PROVIDED DATA

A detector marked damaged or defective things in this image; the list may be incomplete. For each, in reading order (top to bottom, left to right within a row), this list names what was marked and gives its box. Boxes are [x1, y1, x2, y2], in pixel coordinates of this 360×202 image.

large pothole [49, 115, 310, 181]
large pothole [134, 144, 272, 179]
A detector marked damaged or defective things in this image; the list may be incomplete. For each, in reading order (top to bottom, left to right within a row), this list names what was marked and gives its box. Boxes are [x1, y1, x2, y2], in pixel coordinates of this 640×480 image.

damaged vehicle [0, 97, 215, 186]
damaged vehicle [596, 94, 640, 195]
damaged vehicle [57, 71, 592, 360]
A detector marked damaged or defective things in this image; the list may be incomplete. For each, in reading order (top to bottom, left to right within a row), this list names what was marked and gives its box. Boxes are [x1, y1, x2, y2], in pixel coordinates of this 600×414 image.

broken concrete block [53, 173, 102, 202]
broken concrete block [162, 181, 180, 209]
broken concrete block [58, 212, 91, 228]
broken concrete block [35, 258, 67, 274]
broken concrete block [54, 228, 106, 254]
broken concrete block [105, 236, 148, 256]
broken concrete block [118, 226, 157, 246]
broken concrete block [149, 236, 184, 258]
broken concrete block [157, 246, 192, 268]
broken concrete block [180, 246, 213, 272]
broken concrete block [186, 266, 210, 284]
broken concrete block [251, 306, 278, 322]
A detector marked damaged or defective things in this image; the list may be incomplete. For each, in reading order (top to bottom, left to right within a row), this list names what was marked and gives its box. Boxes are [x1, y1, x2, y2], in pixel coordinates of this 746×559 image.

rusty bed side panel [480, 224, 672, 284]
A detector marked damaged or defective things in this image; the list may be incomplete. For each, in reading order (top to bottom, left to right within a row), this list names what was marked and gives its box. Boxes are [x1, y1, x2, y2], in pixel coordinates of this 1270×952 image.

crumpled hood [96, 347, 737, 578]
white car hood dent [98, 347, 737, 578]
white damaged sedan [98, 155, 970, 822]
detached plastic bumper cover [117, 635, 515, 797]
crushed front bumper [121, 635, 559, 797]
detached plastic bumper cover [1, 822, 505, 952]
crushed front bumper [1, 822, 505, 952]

ASSIGNMENT
Output the line containing "this 1270×952 image." and each line after it through the close of the entries, unchanged and with no other lines.

THE ANSWER
A detector marked damaged or defective things in this image; the list may be incomplete. For each, in reading order (top to bottom, left to right within a row), this list names what was marked and gives its box. Boxes are [x1, y1, x2, y2], in pixel coordinates of this 1270×952 image.

crumpled hood [96, 347, 737, 578]
white car hood dent [98, 347, 737, 578]
white damaged sedan [98, 155, 970, 822]
detached plastic bumper cover [117, 635, 515, 797]
crushed front bumper [121, 635, 559, 797]
detached plastic bumper cover [1, 822, 505, 952]
crushed front bumper [1, 822, 505, 952]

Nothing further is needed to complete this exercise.